**To do**:
Using only the entries below, output the lines starting at the one containing "Cavity Round Silicone" and ending at the one containing "3 otaqlı yeni", exactly and inclusive of both, omitting the pictures.

**Provided records**:
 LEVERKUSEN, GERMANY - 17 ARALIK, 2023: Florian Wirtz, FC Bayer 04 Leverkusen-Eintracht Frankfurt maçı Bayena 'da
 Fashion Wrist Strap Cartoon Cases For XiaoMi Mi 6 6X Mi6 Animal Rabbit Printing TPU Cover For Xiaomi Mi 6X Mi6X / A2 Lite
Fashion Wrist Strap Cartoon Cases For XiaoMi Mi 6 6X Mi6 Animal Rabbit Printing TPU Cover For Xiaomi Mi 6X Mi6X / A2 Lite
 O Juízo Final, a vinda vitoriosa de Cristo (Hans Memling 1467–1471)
--
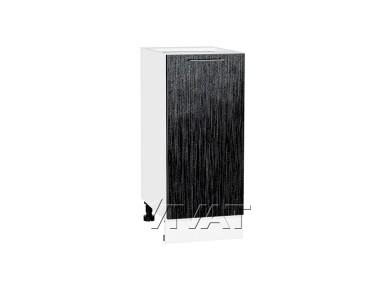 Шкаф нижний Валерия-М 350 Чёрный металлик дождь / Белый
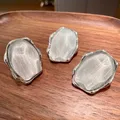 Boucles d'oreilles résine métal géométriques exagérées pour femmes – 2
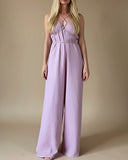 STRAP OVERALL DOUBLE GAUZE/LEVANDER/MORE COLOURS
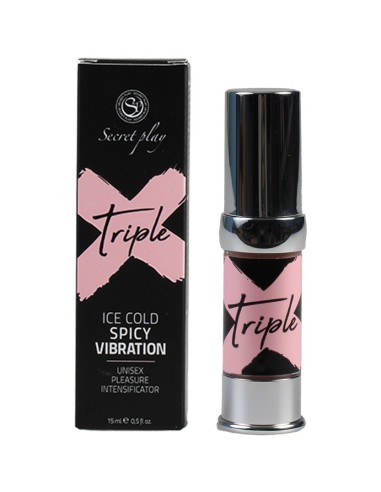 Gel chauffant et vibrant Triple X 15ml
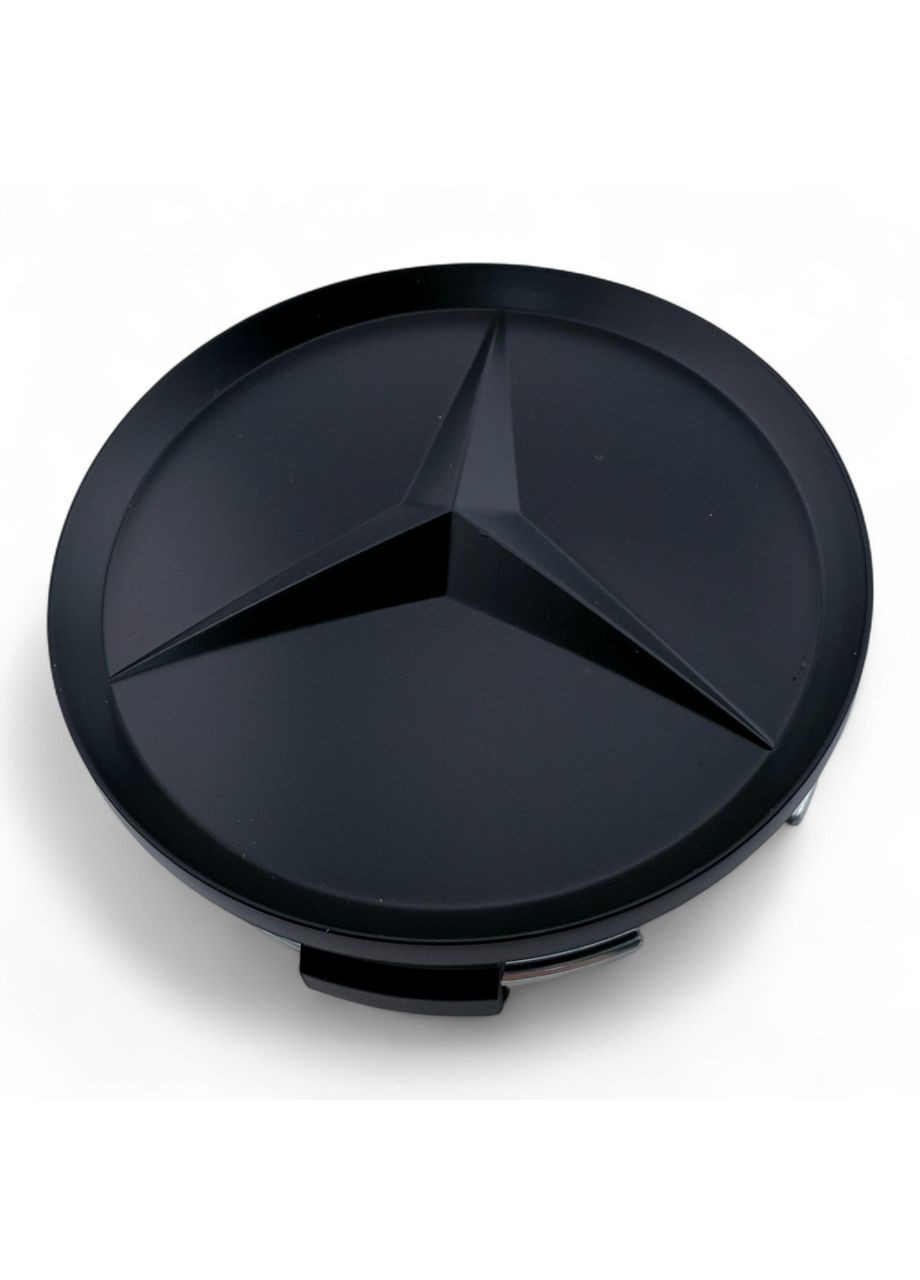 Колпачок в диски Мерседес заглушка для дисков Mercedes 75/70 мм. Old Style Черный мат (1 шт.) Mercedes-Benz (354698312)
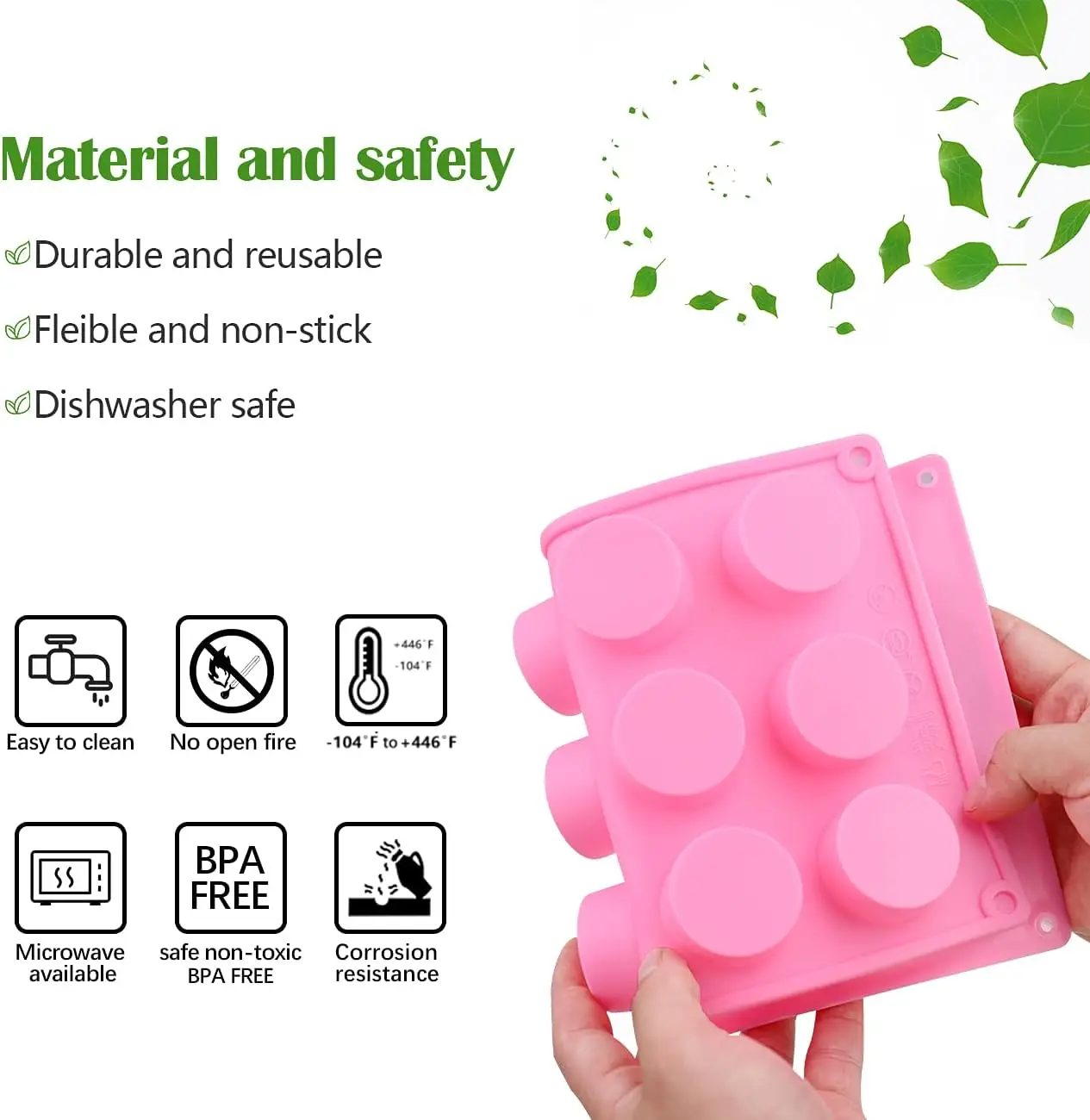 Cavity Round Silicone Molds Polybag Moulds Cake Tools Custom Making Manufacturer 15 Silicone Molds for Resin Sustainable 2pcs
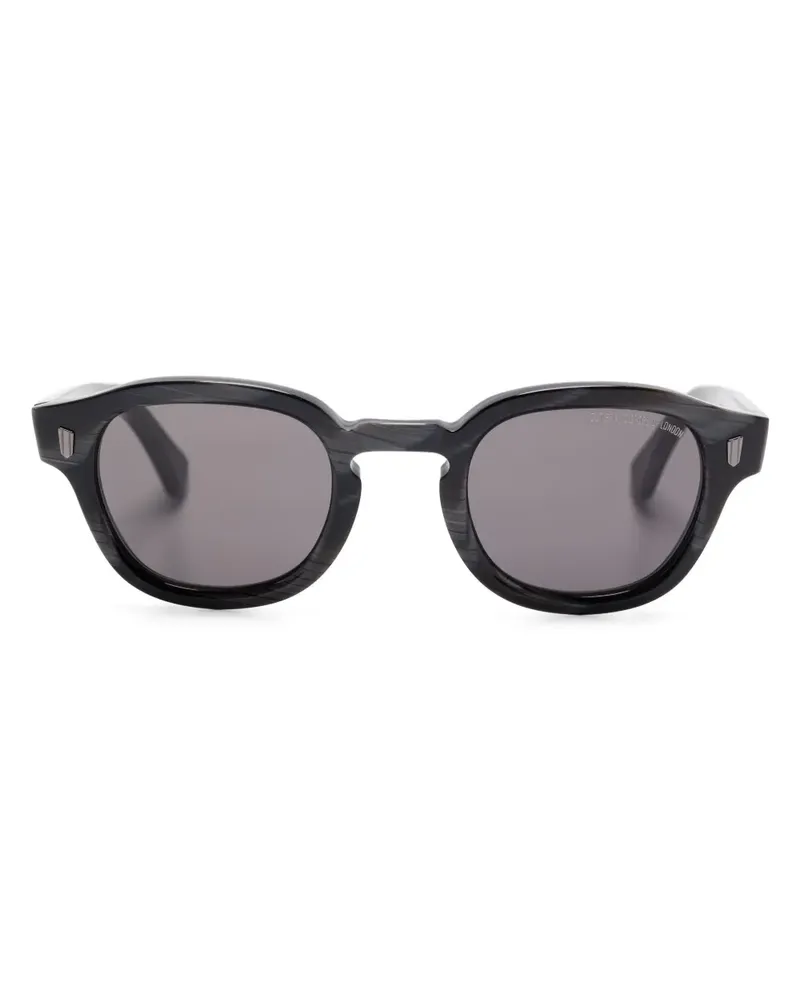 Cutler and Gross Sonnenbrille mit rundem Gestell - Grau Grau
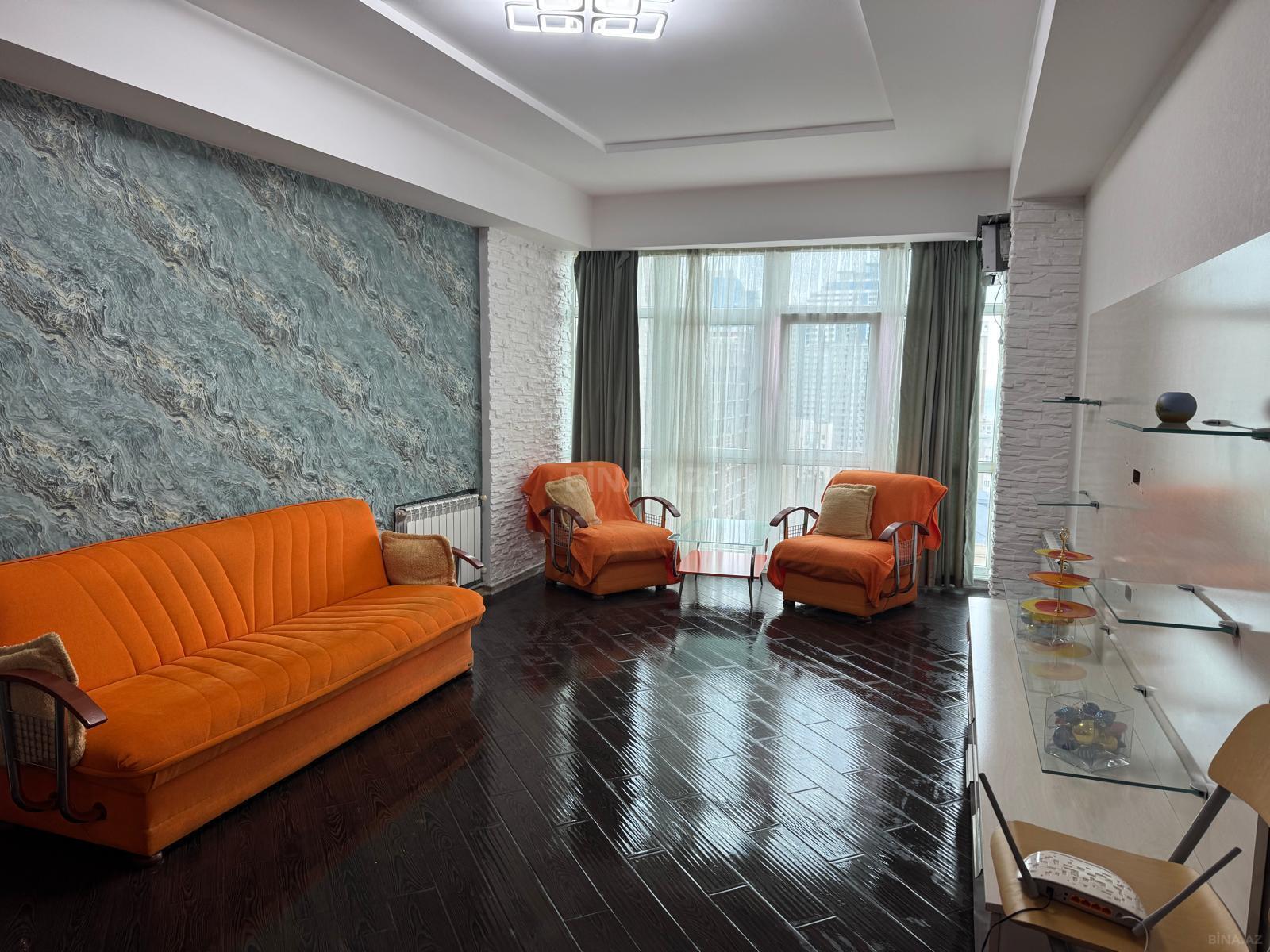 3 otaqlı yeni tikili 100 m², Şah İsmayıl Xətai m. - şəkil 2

**Answer space**:
 Cavity Round Silicone Molds Polybag Moulds Cake Tools Custom Making Manufacturer 15 Silicone Molds for Resin Sustainable 2pcs
 Cutler and Gross Sonnenbrille mit rundem Gestell - Grau Grau
 3 otaqlı yeni tikili 100 m², Şah İsmayıl Xətai m. - şəkil 2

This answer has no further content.